Dr Allen said that the strangeness of the times could even be a bonus.
“A strength of this Census is how we can evaluate* the impacts of Covid in Australia on employment, hours worked, income and even housing,” she said. “That data is crucial to then informing the future – where are the needs, where are the greater impacts?”
SAY HELLO TO CLAIRE
Adelaide company Clevertar has designed the first Census chatbot, “Claire”. Created for the ABS in order to help millions of Australians to fill in Census 2021 online, Claire is modelled on the “typical” 38 year old female Australian the ABS identified through the previous Census in 2016.
The chatbot can respond to a set of questions around the Census, helping users to find the information they need.
Clevertar co-founder and chief executive Tanya Newhouse, said Claire is a specialised chatbot.
“She’s an expert in all things Census. She makes even the trickiest questions easy to answer,” Ms Newhouse said. “Trials of this technology in the health sector have shown that people feel more comfortable talking to a chatbot than they do their doctor, so we’re confident Australians will enjoy turning to Claire with their Census-related questions.”

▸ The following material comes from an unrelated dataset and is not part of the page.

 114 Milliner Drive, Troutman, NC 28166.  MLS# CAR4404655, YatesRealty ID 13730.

- social welfare: collective effort to protect people in need
- logistical: involving organisation and planning
- suite: number of things forming a series or set
- hospitality: the industry that provides accommodation, food, drink, and entertainment
- Great Depression: the period of severe worldwide economic and industrial collapse
- evaluate: judge, calculate, assess
- chatbot: a computer program designed to simulate conversation with human users
- What year was the first Australian Census?

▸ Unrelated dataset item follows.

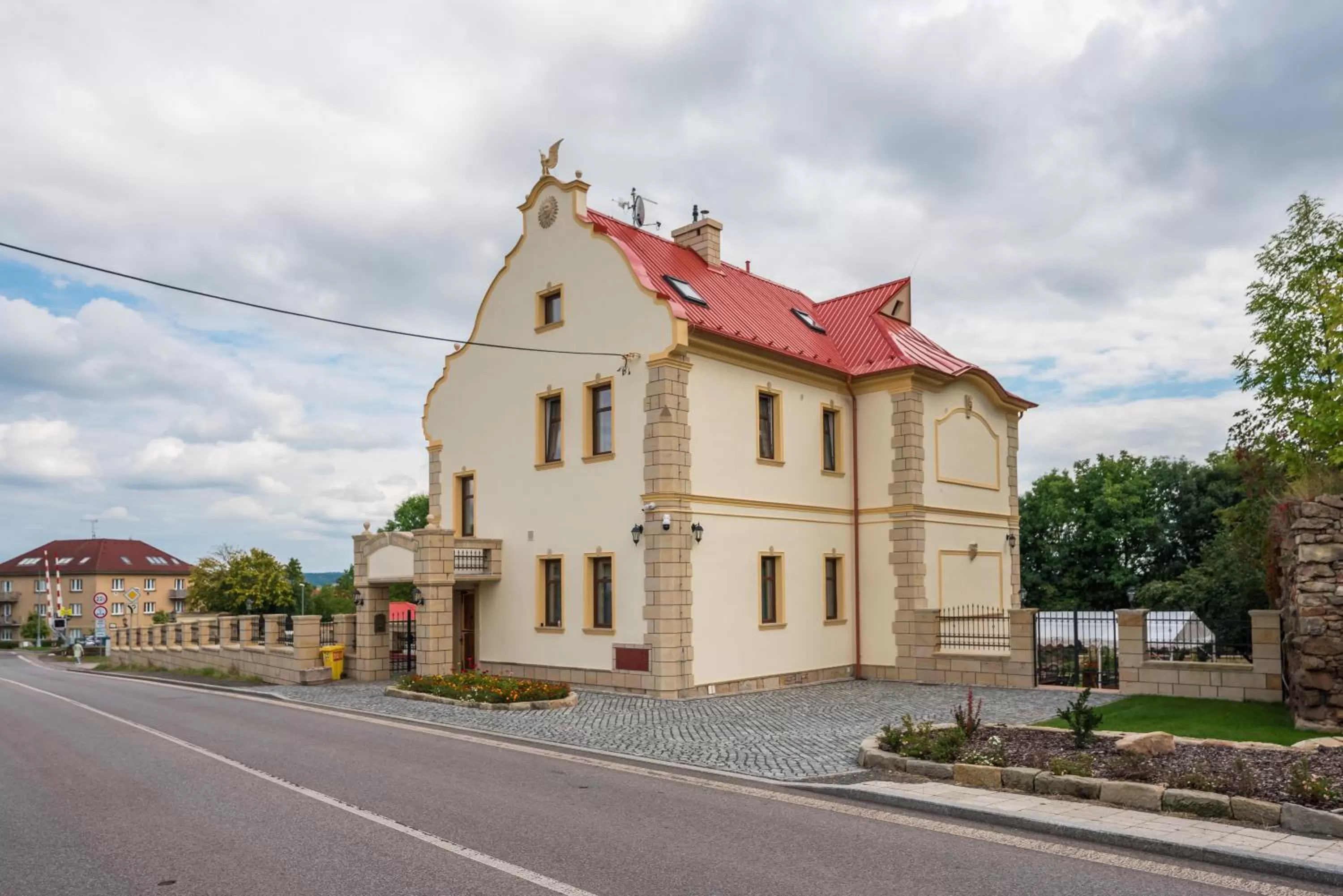 Property Building in Villa Libosad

- What other disruptive major events have coincided with previous Census reports?
- What is the name of the new Census chatbot?
- How many temporary staff help with the Census and what does it cost?
- Is it compulsory to complete the Census?
LISTEN TO THIS STORY
1. Census Card
Your individual details are filled out on your family’s Census form which is wherever you are on the evening of Tuesday 10 August. Fill out your own personal Census card below which has similar questions to some of those on the official Census form. If you collated all the cards in your class, you could gather some interesting and useful information, like the Census aims to do.
- Full name:
- Date of birth:
- Home address:
- Where were you born:
- Number of siblings:
- School attending:
- High school attending:
- How did you get to school today:
- What after school activities do you participate in:
- Health concerns:
- Shopping centre you most frequently visit:
Time: allow 15 minutes to complete this activity
Curriculum Links: English; Personal and Social
How do you think the Government uses this data to plan for the future?
Do you think this is a useful exercise?
How can you trust that everyone will fill it out properly?
Time: allow 15 minutes to complete this activity
Curriculum Links: English; Personal and Social; Critical and Creative Thinking
1. Summarise the article
A summary is a brief statement of the main points of something. It does not usually include extra detail or elaborate on the main points.
Use the 5W & H model to help you find the key points of this article. Read the article carefully to locate who and what this article is about, and where, when, why and how this is happening. Once you have located this information in the article, use it to write a paragraph that summarises the article.